Stored items:
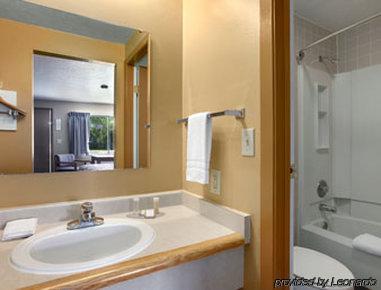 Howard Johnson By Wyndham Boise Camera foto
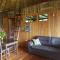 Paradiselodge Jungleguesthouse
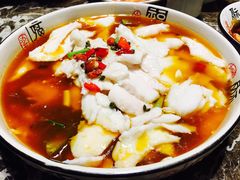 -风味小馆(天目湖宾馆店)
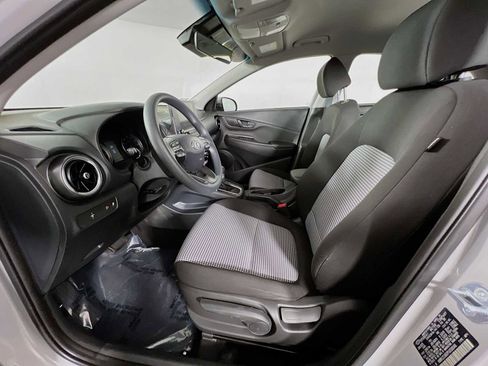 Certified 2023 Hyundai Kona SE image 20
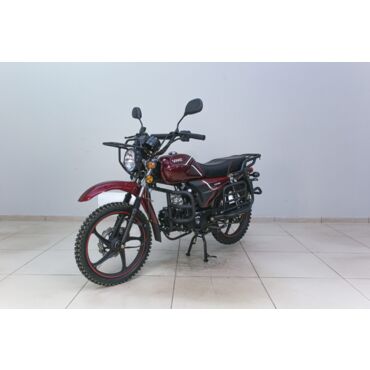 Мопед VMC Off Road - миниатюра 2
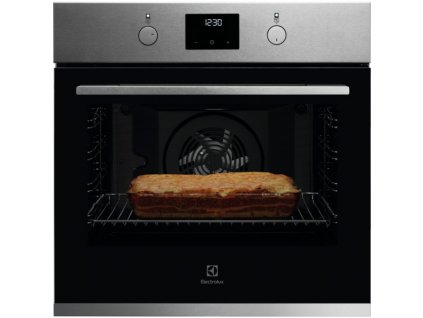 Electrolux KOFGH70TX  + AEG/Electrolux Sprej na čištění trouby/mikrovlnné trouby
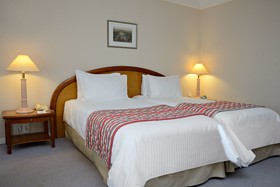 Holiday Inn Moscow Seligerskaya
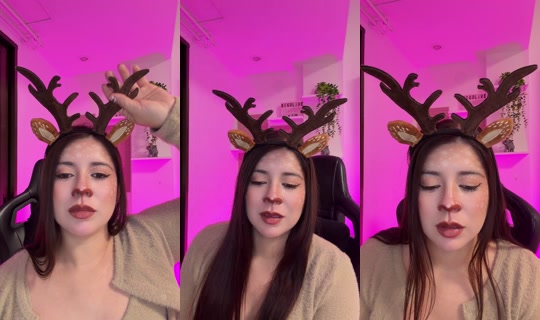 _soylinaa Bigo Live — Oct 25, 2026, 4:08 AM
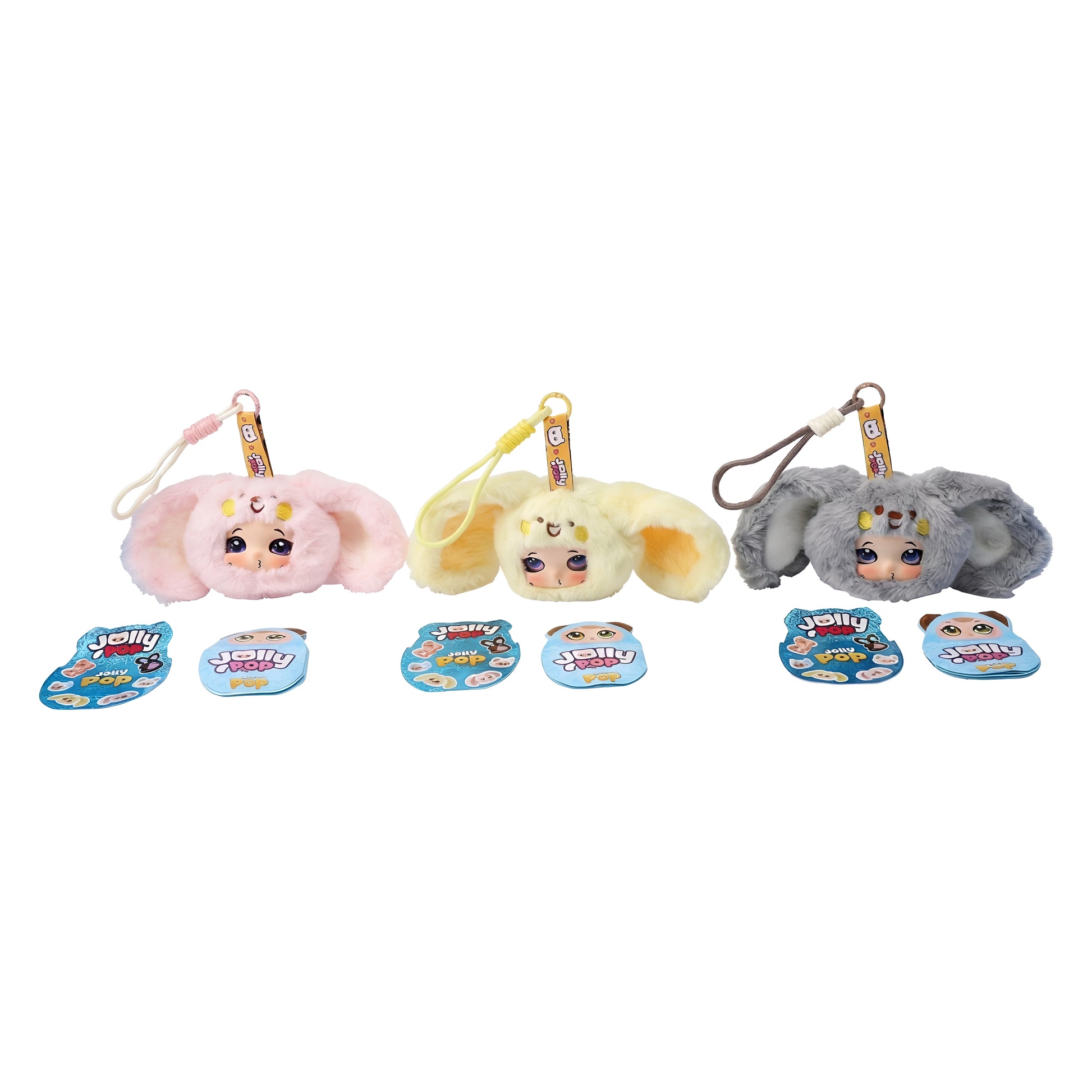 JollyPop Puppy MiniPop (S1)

### Description of the task
Give again, word for word, the line containing "-风味小馆(天目湖宾馆店)" and every line after it to the end of the records; leave out the pictures.

### Result of this task
 -风味小馆(天目湖宾馆店)
 Certified 2023 Hyundai Kona SE image 20
 Мопед VMC Off Road - миниатюра 2
 Electrolux KOFGH70TX  + AEG/Electrolux Sprej na čištění trouby/mikrovlnné trouby
 Holiday Inn Moscow Seligerskaya
 _soylinaa Bigo Live — Oct 25, 2026, 4:08 AM
 JollyPop Puppy MiniPop (S1)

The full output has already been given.